If Pléiade had something like an "Essential French Baroque drama" volume I'd definitely own it, but the only dramatist I truly enjoy reading and returning to from that period is Molière, so it's the only one I have in Pléiade. That reflects more my tastes/interests than any judgement on literary quality/importance. Like Shakespeare, it's also fairly useful to own Molière's Complete Works as a reference. How the Sun-King persona was created and sustained is one of the aspects of his reign I've read a lot about, and that made me go back to Molière (much the same way it made me return to Lully and his successors).
From Racine I only have Andromaque, Iphigénie and Phèdre. From Corneille, only Le Cid. "Reliés", but all bought for cheap at bouquinistes over the years.
I wouldn't recommend investing for Racine's Pléiade, not unless you have a particular interest in drama, or are one of those who really enjoy reading drama (I'm not keen on that myself.. to buy a Pléiade from a dramatist I need compelling reasons. Molière aside, I own only Eugène Ionesco and Alfred Jarry). As you won't want to buy a PB either and reading a play is quite fast, I'd say an online source might be the best for Racine.

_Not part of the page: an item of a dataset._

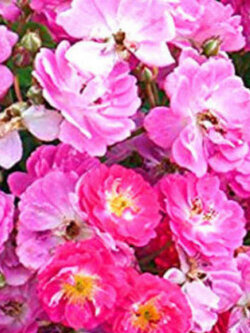 กุหลาบหนู ปีกนางฟ้า (Angel Wings) แคระ / 10 เม็ด (UK)*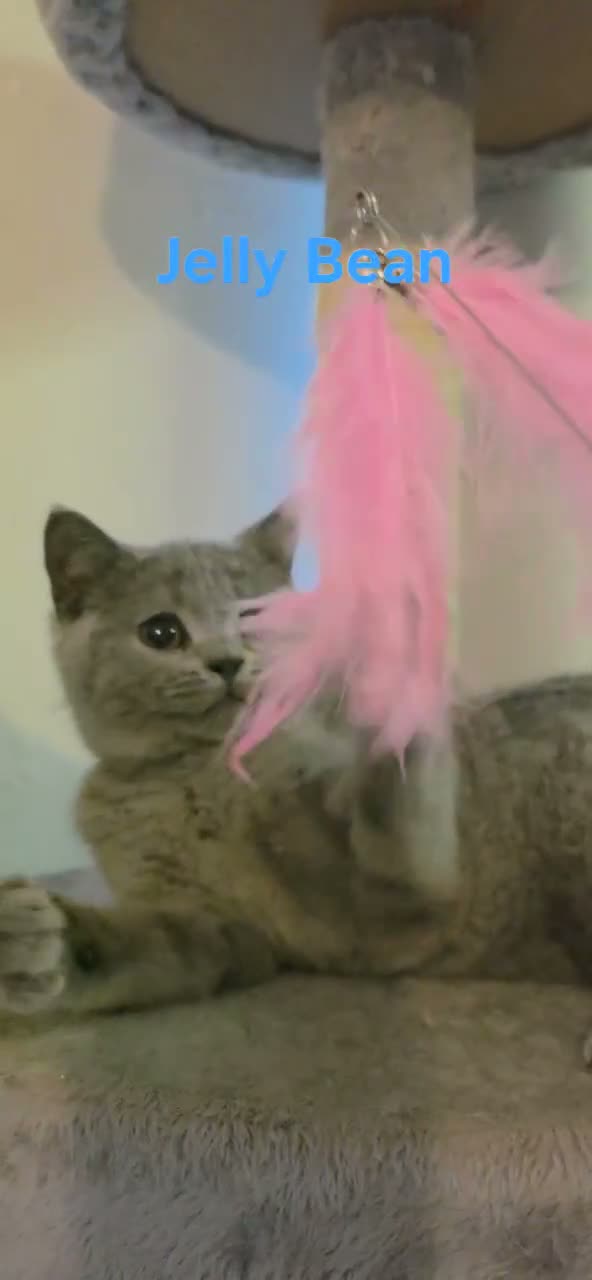 British Shorthair cats for sale: Beautiful GCCF BSH Kittens – Loving Forever Homes - Video 1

If I could vouch for the quality of any of them, I'd in fact recommend you to try a CD captation (I own several, but none of a Racine play). But all of those will be from France and released by big and usually very conservative companies (even more if it's a full DVD captation), and I have very little idea how they approach Racine in France now. The first productions I've seen here as a teenager were still sedate, posing and pompous (and terribly boring and ridiculous. If you've seen Mouchkine's Molière, that bit where he tried to play tragedies and got thrown stuff by the audience depicts one of his atrocious attempts at producing a Racine play), as if the idea was to have time to ponder and admire each word and line. Now it's back to a focus on the hard-edged purity of the verses and the intensity of emotions. The common saying about Racine is that to play him all the costume, accessories and sets an actor needs beside his body is the text itself (even in his time Racine was the antithesis of Molière's/Lully's multi-media extravangazas, which is in part why he's a darling of modern theater). The trend of the last decades in Montréal is to take that quite literally, and to bring out the intense beauty of the text by having the actors declaim again Racine's verses really fast (lightning speed fast in very intense or violent scenes), almost harshly/violently - which requires a high-level of virtuosity. When the actors manage to do this while inhabiting the characters and without butchering the rythm of Alexandrins, it's one hell of an experience. But I don't quite know if the Europeans, especially the companies from the establishement, are back to that trend though. I'll try to ask a client of mine whose husband is one of our best stage actors, she'll probably know.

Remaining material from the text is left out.